Quiconque se porte acquéreur, certes à prix d'or, de ce produit de qualité estampillé AOC, ne manque pas de se réjouir très rapidement d'avoir cédé à la tentation. L'autruche beaucairoise, une fois libérée de l'élevage forcé en serre, s'avère être un animal de compagnie joueur et affectueux, se contentant de quelques fêtes votives, d'apéros arrosés au pastis ou à la bière, et de places assurées dans les tribunes du Stade des Costières pour garder une humeur égale et un comportement des plus sympathiques. La culture de ce produit donne donc d'excellents résultats, et les politiques ont appris à soigneusement mesurer les récompenses données en échange de leur soutien indéfectible. Ainsi l'autruche beaucairoise ne s'émouvra pas de propos racistes et xénophobes, acceptera avec philosophie le retour à des traditions moyenâgeuses, et applaudira à tout rompre la moindre action ou inaction flagrante de son maître.

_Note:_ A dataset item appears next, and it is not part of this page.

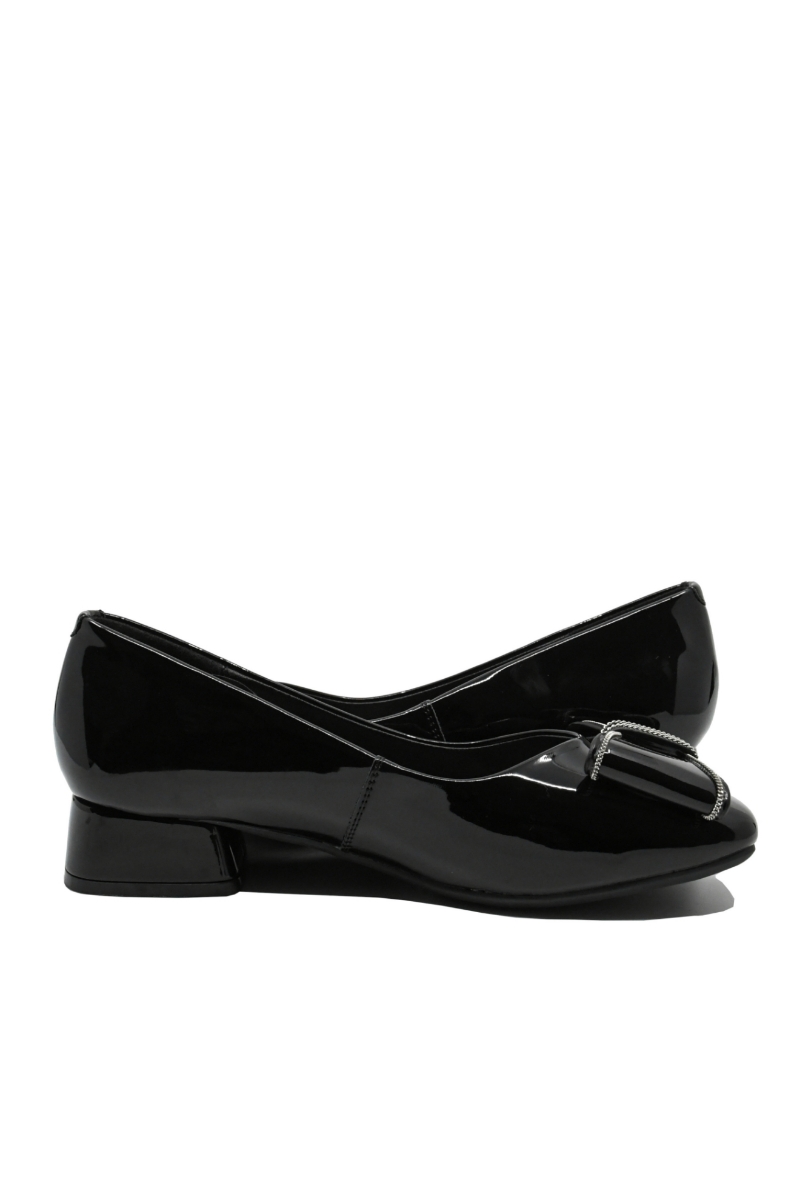 Imagine Pantofi damă black din lac, cu aplicație fundiță FNX8129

Par souci de fidélité à son acquéreur, et partant du principe qu'on ne mord pas la main qui vous nourrit même si elle vous sert de la merde, l'autruche beaucairoise s'extasiera devant le nouveau logo de sa ville, sans se formaliser que celui-ci remette au goût du jour une fidélité à Louis XI et un ordre de chevalerie depuis longtemps obsolètes et tous deux enterrés. 

Car tout ce qui importe à ce produit par ailleurs de grande qualité, c'est de vivre le reste de ses jours en paix, sans torturer ses neurones très abîmés par le lavage de cerveau subi dans les serres, en application de cette maxime de Voltaire "A la cour, mon fils, l'art le plus nécessaire n'est pas de bien parler, mais de savoir se taire." Et l'autruche beaucairoise, forte d'un fabuleux plumage et d'une allure enviable qui fait sa renommée depuis la nuit des temps, courtise quiconque l'acquiert comme personne d'autre ne saurait le faire.